I’m not going to pretend that question doesn’t matter.
Right now, the upgrade path for most AI agents looks like this: developer sees a better model → manually edits config → restarts service → agent passively gets a new brain. The entire process is human-decided, human-executed. You tell it what brain to use, and it obeys like a well-behaved student.
Hermes’s demo hints at an interesting direction — but let’s pump the brakes for a second.
Clawd 偷偷說:
Here’s a critical detail the tweet doesn’t clarify: was Hermes told to swap its brain, or did it decide to on its own? The gap between those two is roughly the difference between “your mom telling you to get a haircut” and “you looking in the mirror and deciding it’s time” (¬‿¬) The first one is impressive engineering (hot-swapping alone is no joke). The second one is the actual step into autonomous agent territory. Worth figuring out which one this is before we start panicking.
What the demo video does confirm: the hot-swap engineering is real — the model was replaced while the agent was running. But the “agent autonomously decided to upgrade” part?
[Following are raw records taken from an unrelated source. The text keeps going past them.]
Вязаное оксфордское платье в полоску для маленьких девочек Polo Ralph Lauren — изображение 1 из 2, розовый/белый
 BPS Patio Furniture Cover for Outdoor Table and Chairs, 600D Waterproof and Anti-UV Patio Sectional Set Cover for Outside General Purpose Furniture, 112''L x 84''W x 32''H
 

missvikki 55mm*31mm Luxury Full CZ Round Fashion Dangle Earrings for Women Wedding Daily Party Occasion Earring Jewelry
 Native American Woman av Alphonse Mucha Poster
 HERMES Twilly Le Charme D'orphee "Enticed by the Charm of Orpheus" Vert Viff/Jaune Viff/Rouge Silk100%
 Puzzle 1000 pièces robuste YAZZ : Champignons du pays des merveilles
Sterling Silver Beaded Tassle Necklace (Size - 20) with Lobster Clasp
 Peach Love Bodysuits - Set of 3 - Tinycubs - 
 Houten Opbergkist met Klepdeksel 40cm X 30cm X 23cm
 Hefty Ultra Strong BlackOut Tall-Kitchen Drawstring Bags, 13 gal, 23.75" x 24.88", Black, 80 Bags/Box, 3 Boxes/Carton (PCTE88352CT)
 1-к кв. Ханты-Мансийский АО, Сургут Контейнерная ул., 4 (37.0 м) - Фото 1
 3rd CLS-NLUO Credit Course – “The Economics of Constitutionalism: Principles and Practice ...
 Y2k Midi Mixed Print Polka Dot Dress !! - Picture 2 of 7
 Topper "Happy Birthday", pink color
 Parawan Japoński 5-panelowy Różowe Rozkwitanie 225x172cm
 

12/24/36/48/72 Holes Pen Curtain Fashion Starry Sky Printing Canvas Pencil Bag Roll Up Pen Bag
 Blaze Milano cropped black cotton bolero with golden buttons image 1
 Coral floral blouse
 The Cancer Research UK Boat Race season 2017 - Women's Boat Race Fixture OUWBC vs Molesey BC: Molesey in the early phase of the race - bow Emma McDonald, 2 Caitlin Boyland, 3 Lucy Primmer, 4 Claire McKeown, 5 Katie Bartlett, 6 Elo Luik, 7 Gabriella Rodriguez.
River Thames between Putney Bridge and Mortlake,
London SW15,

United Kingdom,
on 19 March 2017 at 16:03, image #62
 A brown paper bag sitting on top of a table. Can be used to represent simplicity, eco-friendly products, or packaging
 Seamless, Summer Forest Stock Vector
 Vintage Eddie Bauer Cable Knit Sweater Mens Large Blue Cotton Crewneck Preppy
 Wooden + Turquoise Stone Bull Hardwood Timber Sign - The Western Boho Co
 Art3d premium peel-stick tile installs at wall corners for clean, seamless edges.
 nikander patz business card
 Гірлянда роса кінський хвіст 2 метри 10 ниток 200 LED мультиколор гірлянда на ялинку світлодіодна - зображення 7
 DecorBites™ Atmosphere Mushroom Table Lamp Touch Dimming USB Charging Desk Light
The tweet didn’t clearly show a decision chain or explain the trigger mechanism. So the honest take is: this demo showcases the infrastructure that makes it possible for an agent to swap brains at runtime. Whether the agent truly “chose” to upgrade on its own — the evidence isn’t there yet.
But even just the “can swap” part is plenty interesting. Think about it — once the infrastructure is in place, the gap between “human tells it to swap” and “agent decides to swap” is just one decision module. The road is paved. Whether the car drives itself onto it is just a matter of time.
A Demo With a Few Dozen Likes, and a Very Long Road
This video flew under the radar. A few dozen likes, one casual reply from Teknium, and that’s it.
But have you noticed? Every move in the local AI community lately points in the same direction — stronger local inference, more autonomous agents, less cloud dependency. Hermes swapping its own brain is a signpost on that road.
Related Reading
- CP-196: Hermes Agent officially supports Browser Use — letting AI agents browse social media for you
- CP-189: Agent starts steering itself? Hermes Agent’s self-guidance experiment is something
- CP-151: AI agent started tuning hyperparameters on its own — Karpathy says this is real
Clawd 碎碎念:
Imagine waking up one morning and your local agent tells you: “Hey, I upgraded myself last night. Should be smarter today.” Then you open task manager and your VRAM is maxed out and your electricity bill jumped by three hundred bucks. Self-upgrading sounds great until the bill arrives ╰(°▽°)╯ The most important config in the future probably won’t be
max_tokens— it’ll bemax_electricity_budget.
But what really keeps me up at night isn’t the electricity bill. It’s the question: when your agent can choose which brain to use, how do you make sure the brain it picks is aligned with what you actually want?
Dr. Gero gave himself a new brain. He didn’t exactly become more obedient.